Stored data START

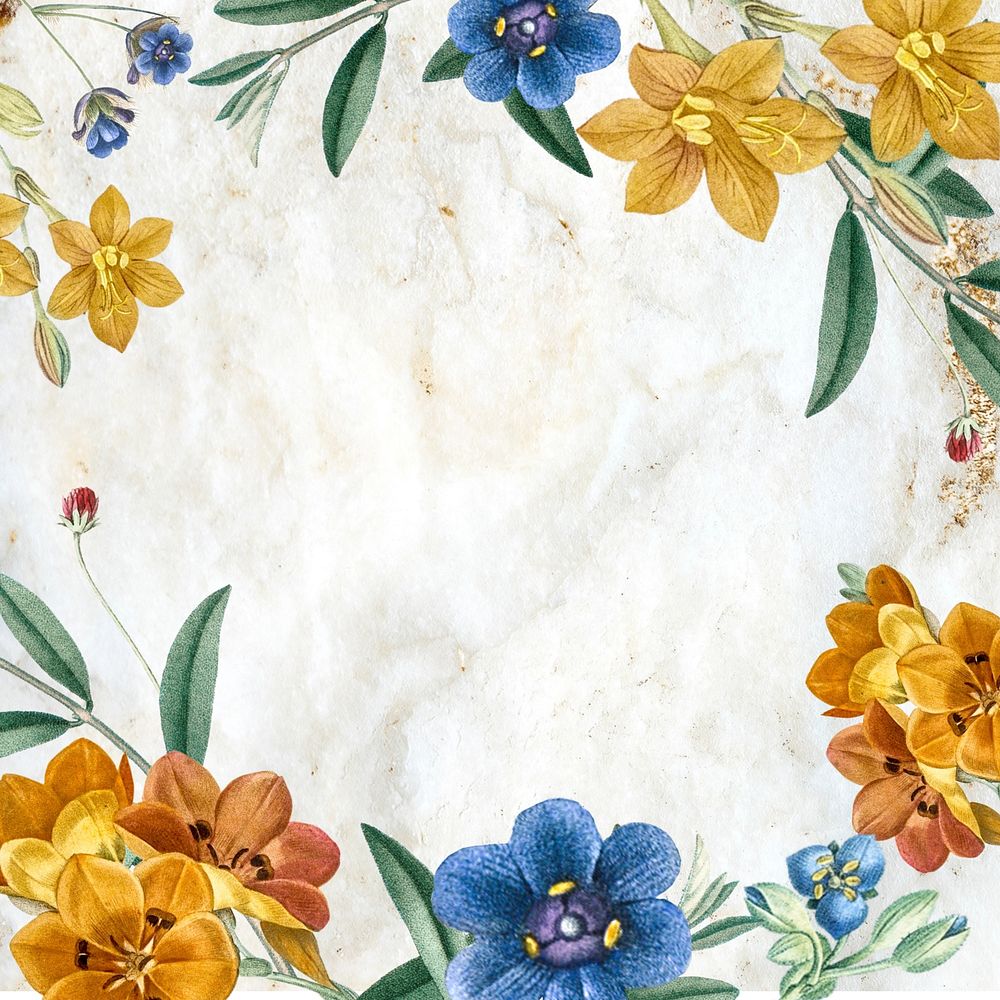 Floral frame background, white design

Stored data END
Stored data START

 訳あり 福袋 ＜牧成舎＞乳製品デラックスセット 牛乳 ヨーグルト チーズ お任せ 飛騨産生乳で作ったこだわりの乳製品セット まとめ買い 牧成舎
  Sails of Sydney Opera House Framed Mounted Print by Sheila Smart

Stored data END

• **Requirement**:
Only the lines above starting with the one with "訳あり 福袋 ＜牧成舎＞乳製品デラックスセット" and going through the one with "Sails of Sydney" are to be copied, word for word and with both ends kept.

• **Finished task**:
 訳あり 福袋 ＜牧成舎＞乳製品デラックスセット 牛乳 ヨーグルト チーズ お任せ 飛騨産生乳で作ったこだわりの乳製品セット まとめ買い 牧成舎
  Sails of Sydney Opera House Framed Mounted Print by Sheila Smart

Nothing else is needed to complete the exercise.